Genre: Shooter, Role-playing (RPG), SimulatorRelease: 10/25/2023

Why this matters: Ark may finally run like a modern game – and on new hardware

Studio Wildcard’s move to upgrade Ark Survival Ascended (ASA) to Unreal Engine 5.7 isn’t just a routine engine bump. According to co-founder and dev director Jeremy Stieglitz, one specific change – new nanite tessellation for large-scale foliage – is a “magic bullet” that delivers dramatic, near-instant gains. For a franchise notorious for being rough around the edges, a predictable 30-33% performance bump on foliage-heavy scenes (and reported 40-50% improvement since ASA’s 2023 launch) could be the difference between the game feeling playable or constantly punished by framerate drops.

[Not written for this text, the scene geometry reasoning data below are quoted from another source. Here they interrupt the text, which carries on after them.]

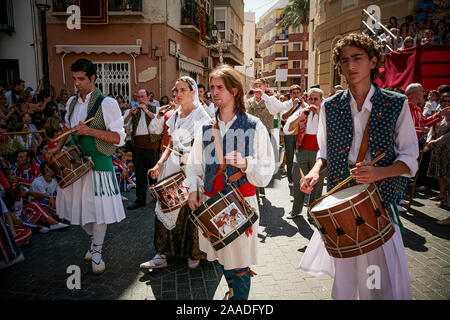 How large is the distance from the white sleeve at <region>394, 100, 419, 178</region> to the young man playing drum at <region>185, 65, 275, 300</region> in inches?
35.0

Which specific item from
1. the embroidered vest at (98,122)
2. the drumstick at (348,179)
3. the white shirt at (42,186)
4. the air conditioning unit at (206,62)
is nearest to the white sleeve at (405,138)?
the drumstick at (348,179)

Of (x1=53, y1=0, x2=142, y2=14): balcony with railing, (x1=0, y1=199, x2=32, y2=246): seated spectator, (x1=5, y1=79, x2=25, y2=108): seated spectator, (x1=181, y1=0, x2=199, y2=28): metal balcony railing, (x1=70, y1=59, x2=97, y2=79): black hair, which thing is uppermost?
(x1=181, y1=0, x2=199, y2=28): metal balcony railing

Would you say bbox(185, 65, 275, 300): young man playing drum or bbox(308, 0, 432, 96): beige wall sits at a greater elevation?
bbox(308, 0, 432, 96): beige wall

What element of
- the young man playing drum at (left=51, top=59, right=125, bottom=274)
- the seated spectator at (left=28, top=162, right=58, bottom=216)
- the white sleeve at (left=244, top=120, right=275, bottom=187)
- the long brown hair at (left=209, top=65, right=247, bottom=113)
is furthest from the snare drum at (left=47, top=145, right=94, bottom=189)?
the seated spectator at (left=28, top=162, right=58, bottom=216)

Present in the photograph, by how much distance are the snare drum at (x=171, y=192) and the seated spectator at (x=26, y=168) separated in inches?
147

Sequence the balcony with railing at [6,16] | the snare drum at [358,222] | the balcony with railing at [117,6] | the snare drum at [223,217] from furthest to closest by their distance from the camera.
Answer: the balcony with railing at [117,6] < the balcony with railing at [6,16] < the snare drum at [223,217] < the snare drum at [358,222]

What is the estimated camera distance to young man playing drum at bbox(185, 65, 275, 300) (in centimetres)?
238

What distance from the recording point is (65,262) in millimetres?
3779

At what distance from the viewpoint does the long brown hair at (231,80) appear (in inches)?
95.0

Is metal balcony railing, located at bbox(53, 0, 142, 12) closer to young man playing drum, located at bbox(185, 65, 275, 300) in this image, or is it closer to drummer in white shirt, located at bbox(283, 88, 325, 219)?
drummer in white shirt, located at bbox(283, 88, 325, 219)

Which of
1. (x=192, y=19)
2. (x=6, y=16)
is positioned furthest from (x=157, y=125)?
(x=192, y=19)

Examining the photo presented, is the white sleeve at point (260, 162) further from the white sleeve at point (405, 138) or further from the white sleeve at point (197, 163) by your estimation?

It also opens a door we’ve heard about for years: a possible Nintendo Switch 2 port.

  • UE5.7’s new foliage nanite tessellation yields ~33% performance improvement in tests, on top of earlier 40-50% gains since launch.
  • Studio Wildcard aims to ship the engine upgrade by end of March 2026 — it’s a priority tied to Lost Colony fixes and future content.
  • Switch 2 builds exist and are “in active development,” but release timing is still unknown and other hurdles remain.

Breaking down the “magic bullet”

Stieglitz’s enthusiasm is specific, not vague marketing hyperbole: Epic improved how Nanite handles dense foliage in UE5.7, and ASA uses a lot of foliage. In practical terms that means trees, bushes and undergrowth — the things that historically kill framerate in Ark’s large open maps — can be rendered far more efficiently. Wildcard’s initial tests reportedly show the difference is “night and day.” Turn on the new method and performance spikes without major visual downsides. That’s rare in this industry; most engine upgrades trade something for gains. If those internal metrics hold across diverse saves, builds and mods, it’s a real technical win for ASA.

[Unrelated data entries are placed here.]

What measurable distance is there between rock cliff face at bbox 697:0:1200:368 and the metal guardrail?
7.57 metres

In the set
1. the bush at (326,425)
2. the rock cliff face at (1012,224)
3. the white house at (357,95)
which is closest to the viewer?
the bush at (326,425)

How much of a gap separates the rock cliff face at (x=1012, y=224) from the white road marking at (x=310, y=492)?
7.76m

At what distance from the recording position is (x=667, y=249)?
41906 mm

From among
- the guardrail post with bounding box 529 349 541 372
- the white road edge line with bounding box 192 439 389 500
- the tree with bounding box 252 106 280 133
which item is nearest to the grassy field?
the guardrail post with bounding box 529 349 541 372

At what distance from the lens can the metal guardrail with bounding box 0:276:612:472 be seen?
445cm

Screenshot from Ark: Survival Ascended
Screenshot from Ark: Survival Ascended

Switch 2 port: realistic or wishful thinking?

Wildcard says Switch 2 builds already exist and are feasible only because of the UE5.7 improvements. That’s a big step beyond “we’d like to someday.” But a usable port is several steps beyond a promising build. Shipping on Nintendo hardware involves resolution and memory budgets, control remaps, storage and download size limits, QA and certification hurdles, plus making sure core systems like multiplayer, saves and mods behave reliably. ASA brought massive maps, complex base structures and extensive mod mechanics to PC — all of which must be scaled or reworked for a mobile-style console to be viable. That said, UE5.7 making this “doable” turns something previously impossible into a solvable engineering puzzle, and that is meaningful.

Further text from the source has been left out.